Lagrange multiplier problem - Why doesn't the method work? Maximize the distance to the origin of a function with four variables given the constraints: 
\begin{align}
xyza &= 1 \\
x + y + z + a &= 4
\end{align}
Here's my solution: We maximize $f(x,y,z,a) = x^2+y^2+z^2+a^2$ subject to the given constraint equations. The Lagrange multiplier method yields six equations with six variables.
\begin{align}
2x &= \lambda_1yza+\lambda_2\\
2y &= \lambda_1xza+\lambda_2\\
2z &= \lambda_1xya+\lambda_2\\
2a &= \lambda_1xyz+\lambda_2\\
xyza &= 1\\
x + y + z + a &= 4
\end{align}
Mathematica is unable to solve this system.

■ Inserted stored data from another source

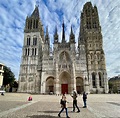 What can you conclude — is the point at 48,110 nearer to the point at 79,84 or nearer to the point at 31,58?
the point at 79,84

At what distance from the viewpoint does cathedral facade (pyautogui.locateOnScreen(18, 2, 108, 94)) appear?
41.8m

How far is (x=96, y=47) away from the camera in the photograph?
45.5 meters

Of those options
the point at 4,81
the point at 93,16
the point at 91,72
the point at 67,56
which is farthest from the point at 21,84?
the point at 93,16

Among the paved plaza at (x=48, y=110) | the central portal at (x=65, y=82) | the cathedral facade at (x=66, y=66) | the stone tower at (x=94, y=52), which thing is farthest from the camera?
the central portal at (x=65, y=82)

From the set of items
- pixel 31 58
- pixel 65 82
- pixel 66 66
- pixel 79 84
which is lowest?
pixel 79 84

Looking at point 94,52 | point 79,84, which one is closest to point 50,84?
point 79,84

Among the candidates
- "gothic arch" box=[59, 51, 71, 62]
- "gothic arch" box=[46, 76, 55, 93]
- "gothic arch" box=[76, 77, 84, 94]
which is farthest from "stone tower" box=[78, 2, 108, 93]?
"gothic arch" box=[46, 76, 55, 93]

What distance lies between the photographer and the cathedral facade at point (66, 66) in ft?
137

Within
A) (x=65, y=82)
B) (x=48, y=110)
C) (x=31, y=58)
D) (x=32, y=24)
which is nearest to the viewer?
(x=48, y=110)

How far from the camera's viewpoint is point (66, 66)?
42.9 m

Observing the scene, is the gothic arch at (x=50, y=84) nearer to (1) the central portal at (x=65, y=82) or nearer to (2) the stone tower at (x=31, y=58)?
(2) the stone tower at (x=31, y=58)

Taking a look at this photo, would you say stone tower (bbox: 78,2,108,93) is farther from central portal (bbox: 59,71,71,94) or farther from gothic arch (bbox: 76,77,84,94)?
central portal (bbox: 59,71,71,94)

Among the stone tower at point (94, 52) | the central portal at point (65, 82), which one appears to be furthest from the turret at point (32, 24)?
the central portal at point (65, 82)

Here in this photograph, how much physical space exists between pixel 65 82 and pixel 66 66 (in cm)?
577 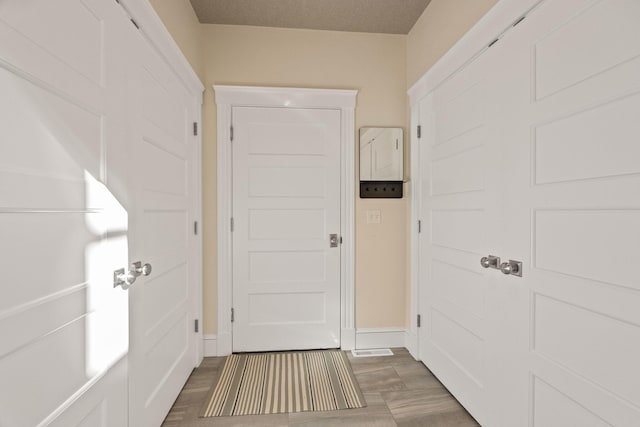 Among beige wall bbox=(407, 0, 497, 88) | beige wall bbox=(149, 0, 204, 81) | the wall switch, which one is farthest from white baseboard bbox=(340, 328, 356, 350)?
beige wall bbox=(149, 0, 204, 81)

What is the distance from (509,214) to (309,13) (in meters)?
1.99

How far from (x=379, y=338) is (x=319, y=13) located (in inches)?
102

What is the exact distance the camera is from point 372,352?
2.60m

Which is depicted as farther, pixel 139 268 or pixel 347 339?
pixel 347 339

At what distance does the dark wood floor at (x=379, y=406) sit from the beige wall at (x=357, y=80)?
1.45 feet

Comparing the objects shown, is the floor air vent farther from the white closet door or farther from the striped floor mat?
the white closet door

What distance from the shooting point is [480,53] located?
5.55 feet

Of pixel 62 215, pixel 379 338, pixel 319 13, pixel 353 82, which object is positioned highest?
pixel 319 13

Is there something wrong in the question (I made it up) itself? Thanks!
 A: The question is ill posed.
One of the first things you should do before applying Lagrange is to verify
that there is indeed a solution. There is no solution in this case.
Fix $z=-1$, then look for solutions of $x+y-1-{1 \over xy} = 4$. Multiplying across by $x$ gives
$x^2+x (y-5) -{1 \over y} = 0$, which has a solution
$x= {1 \over 2} (5-y -\sqrt{(y-5)^2+{4 \over y}})$.
Letting $y \to \infty$ there are solutions, hence the distance to the origin is unbounded.
A: If you forget the first constraint, and instead minimize the distance to the origin from the hyperplane $x + y + z + a = 4$, your equations will look like:
\begin{align*}
2x & = \lambda_1 \\
2y & = \lambda_1 \\
2z & = \lambda_1 \\
2a & = \lambda_1 \\
4 & = x + y + z + a
\end{align*}
This gives the unique solution $x = y = z = a = 1$.  (You might have guessed this, since $\langle 1, 1, 1, 1 \rangle$ is the normal vector and also represents a point on the plane.)
In any case, adding a second constraint cannot possibly decrease the minimum distance to the origin, and since $(1,1,1,1)$ also lies on the hypersurface represented by your first constraint, it must be the unique solution.
EDIT: Sorry, just realized you wanted to maximize.  Still, you can solve the system you wrote.  We know from equation 5 that $x,y,z,a$ are nonzero, so we can multiply the first equation by $x$, the second by $y$, etc.  Using the 5th equation to simplify gives:
\begin{align*}
2x^2 & = \lambda_2x \\
2y^2 & = \lambda_2y \\
2z^2 & = \lambda_2z \\
2a^2 & = \lambda_2a \\
\end{align*}
We can divide each by its respective variable (again since they are all nonzero) to get $x=y=z=a=\frac{\lambda_2}{2}$, and again we get the unique solution $(1,1,1,1)$.  This may be the only point at which your constraints intersect.